What is needed » For this exercise, copy exactly the lines below from the one with "Adjustable Swivel Bar" through the one with "Large Flat Top" and leave out the pictures.

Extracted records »
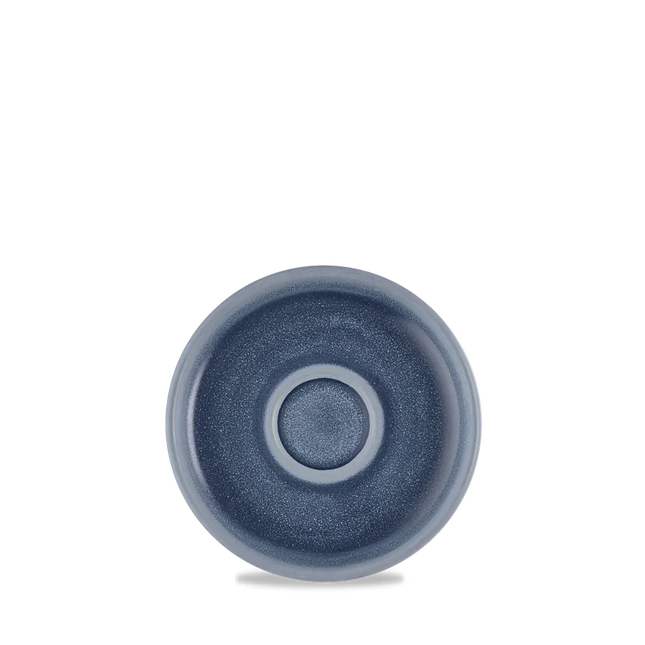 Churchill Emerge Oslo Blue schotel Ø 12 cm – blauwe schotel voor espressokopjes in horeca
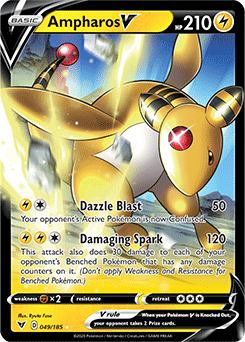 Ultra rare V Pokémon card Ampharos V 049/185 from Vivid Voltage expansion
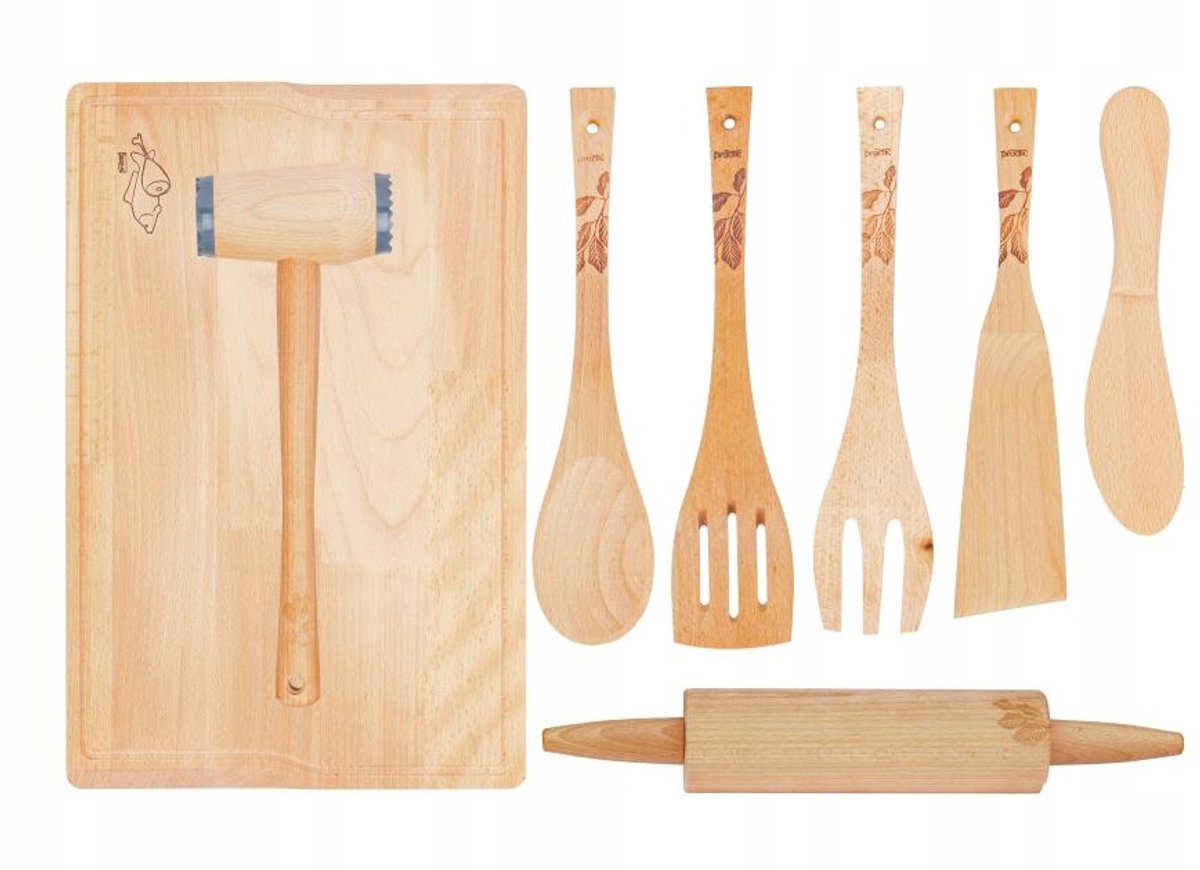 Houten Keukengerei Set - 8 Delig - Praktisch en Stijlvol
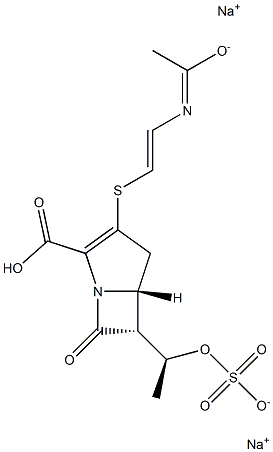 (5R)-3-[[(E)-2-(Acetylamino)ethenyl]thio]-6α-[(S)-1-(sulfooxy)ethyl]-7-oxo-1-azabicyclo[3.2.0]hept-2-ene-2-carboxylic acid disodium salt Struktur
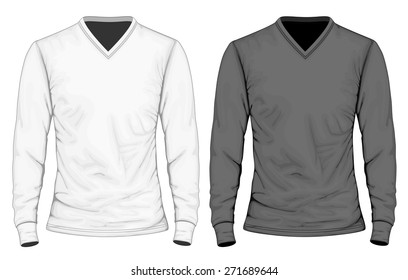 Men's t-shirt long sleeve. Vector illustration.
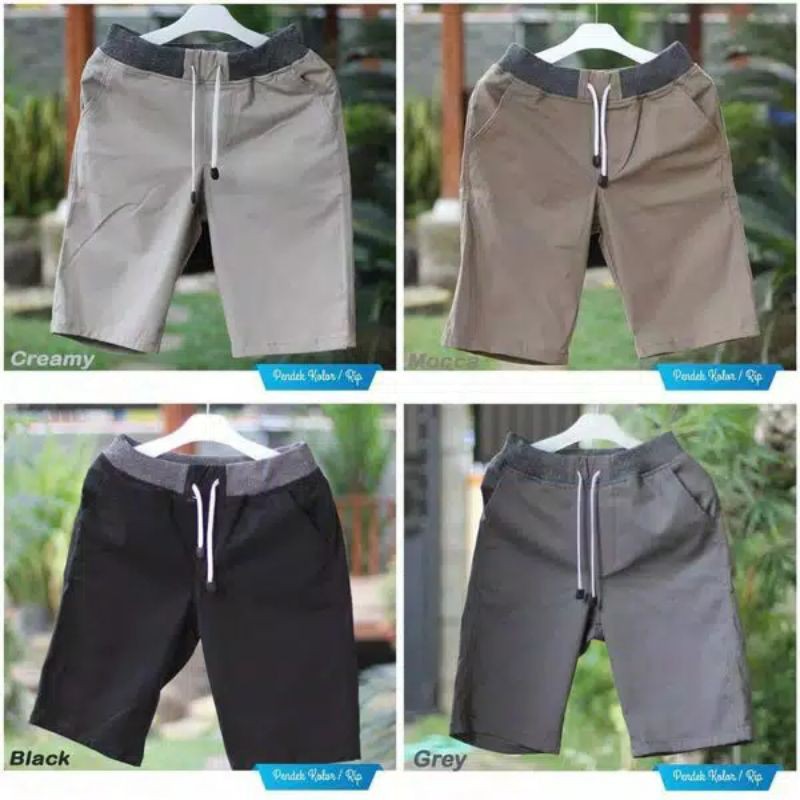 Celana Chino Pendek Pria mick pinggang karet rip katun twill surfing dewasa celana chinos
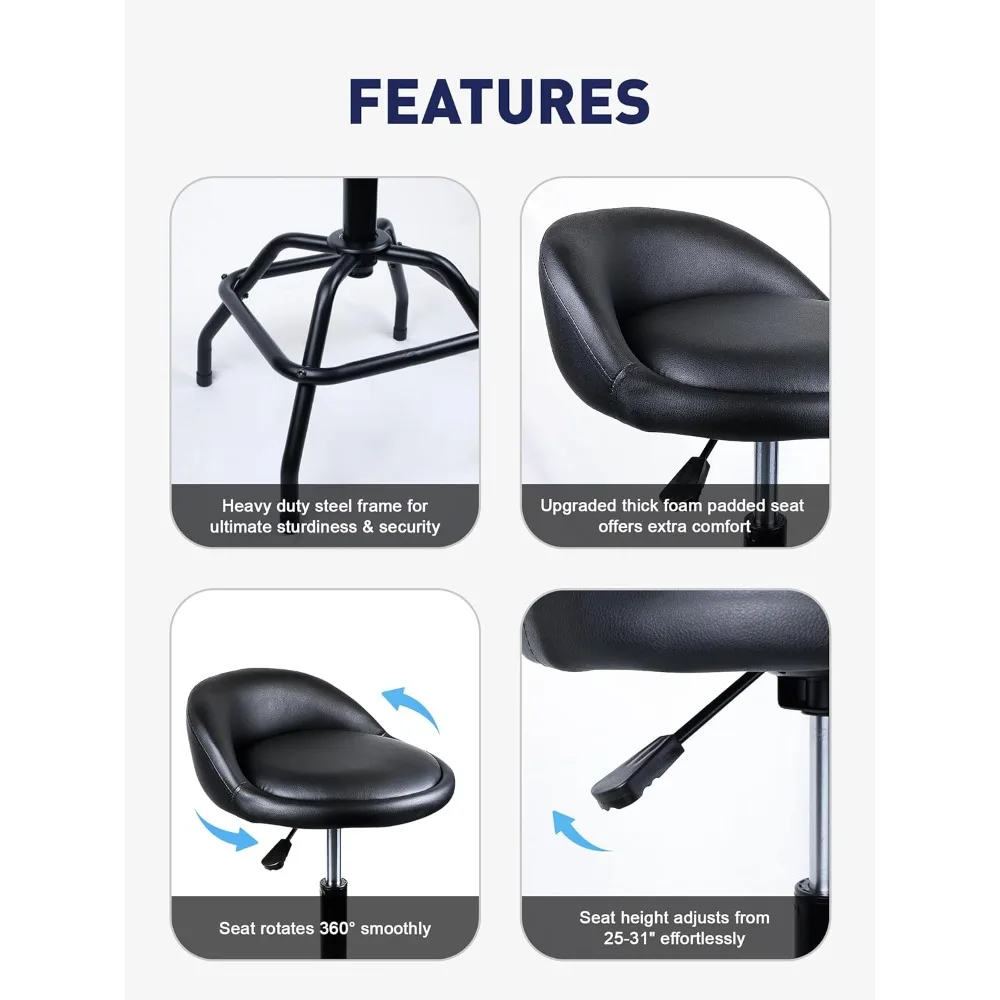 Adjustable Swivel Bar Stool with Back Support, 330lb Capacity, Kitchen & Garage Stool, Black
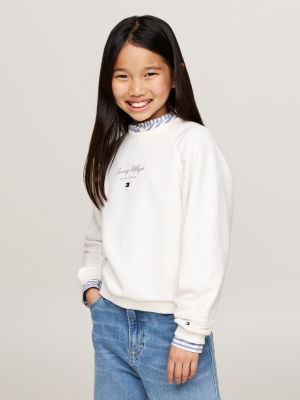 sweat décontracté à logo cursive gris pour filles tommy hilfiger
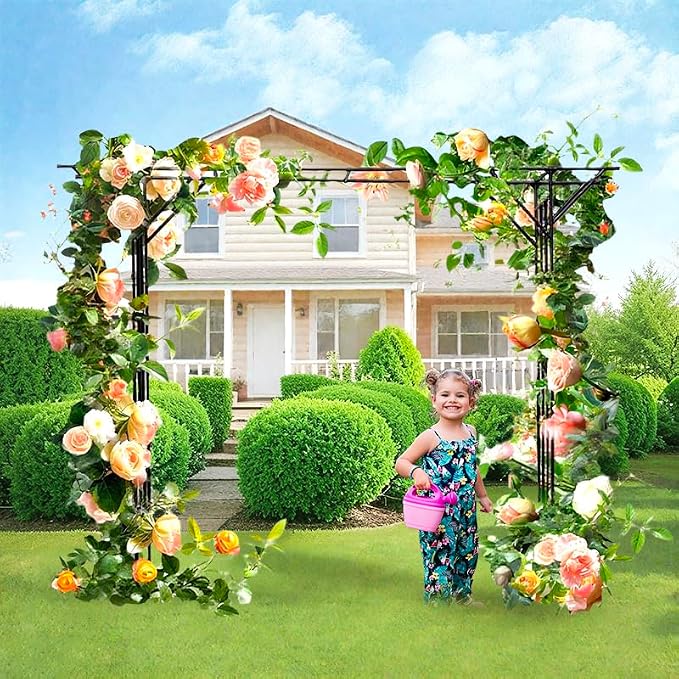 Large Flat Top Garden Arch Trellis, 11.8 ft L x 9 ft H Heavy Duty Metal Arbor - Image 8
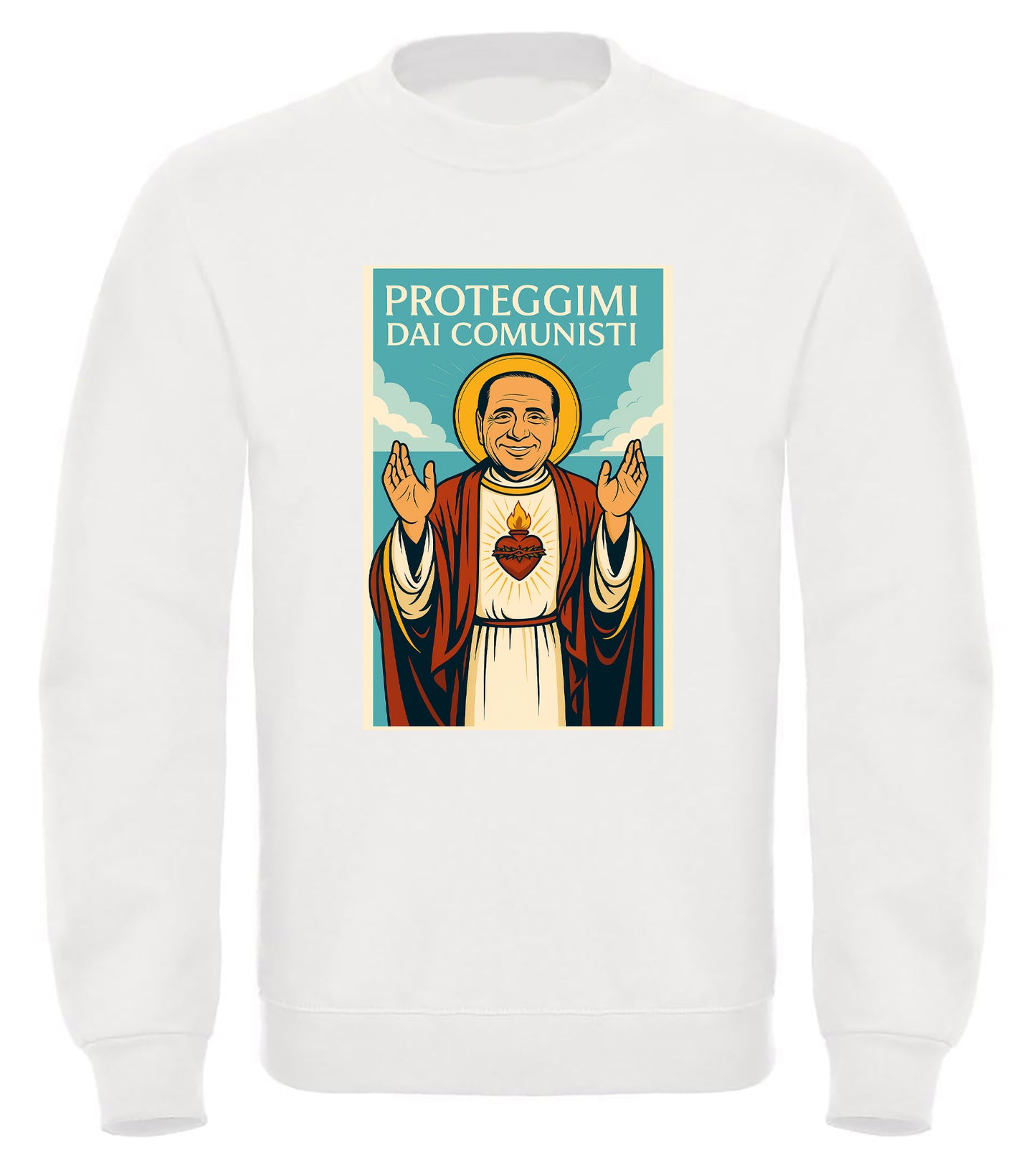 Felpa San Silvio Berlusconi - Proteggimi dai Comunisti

Reply to the task »
 Adjustable Swivel Bar Stool with Back Support, 330lb Capacity, Kitchen & Garage Stool, Black
 sweat décontracté à logo cursive gris pour filles tommy hilfiger
 Large Flat Top Garden Arch Trellis, 11.8 ft L x 9 ft H Heavy Duty Metal Arbor - Image 8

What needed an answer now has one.